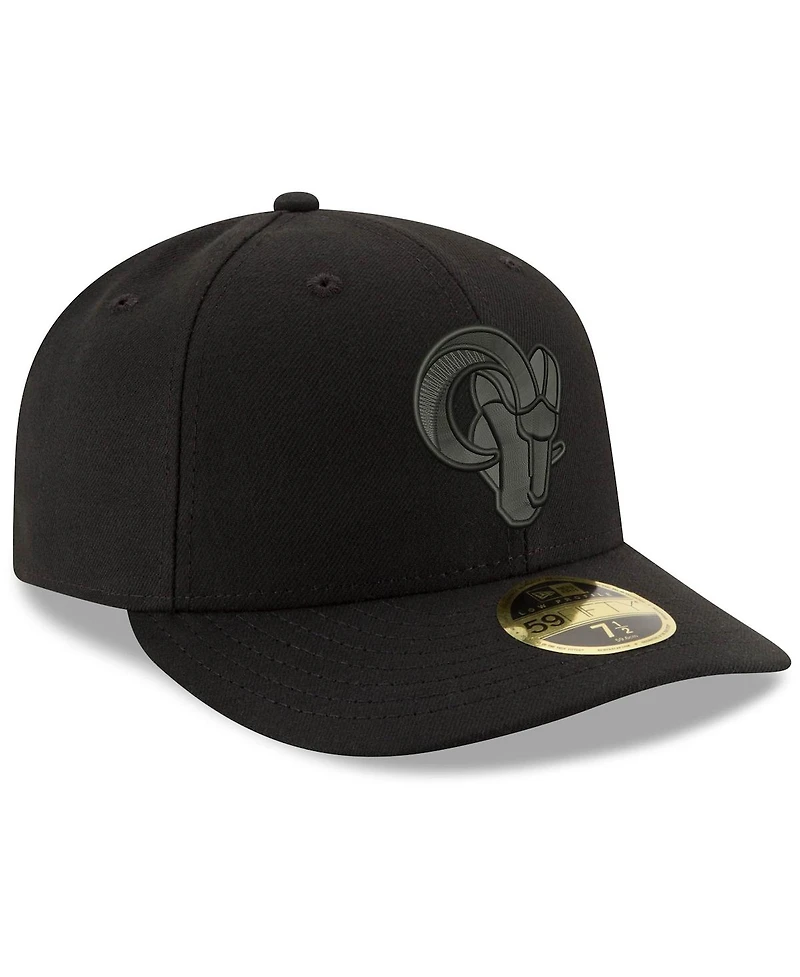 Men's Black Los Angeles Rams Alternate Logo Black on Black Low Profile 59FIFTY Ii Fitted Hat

§

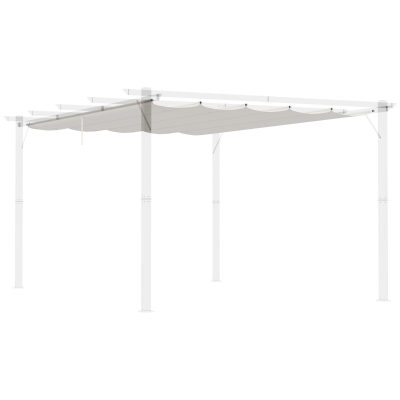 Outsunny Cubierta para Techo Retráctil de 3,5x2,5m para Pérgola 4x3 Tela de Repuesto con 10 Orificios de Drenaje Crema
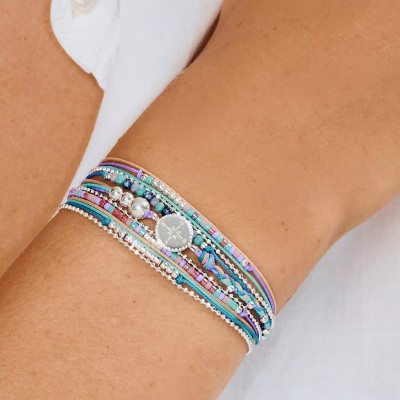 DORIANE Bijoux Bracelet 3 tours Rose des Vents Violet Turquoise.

§

Action item: Above are the records. Copy only the lines from the one with "Outsunny Cubierta para" through the one with "DORIANE Bijoux Bracelet", exactly, with no pictures.

Exercise response:
 Outsunny Cubierta para Techo Retráctil de 3,5x2,5m para Pérgola 4x3 Tela de Repuesto con 10 Orificios de Drenaje Crema
 DORIANE Bijoux Bracelet 3 tours Rose des Vents Violet Turquoise.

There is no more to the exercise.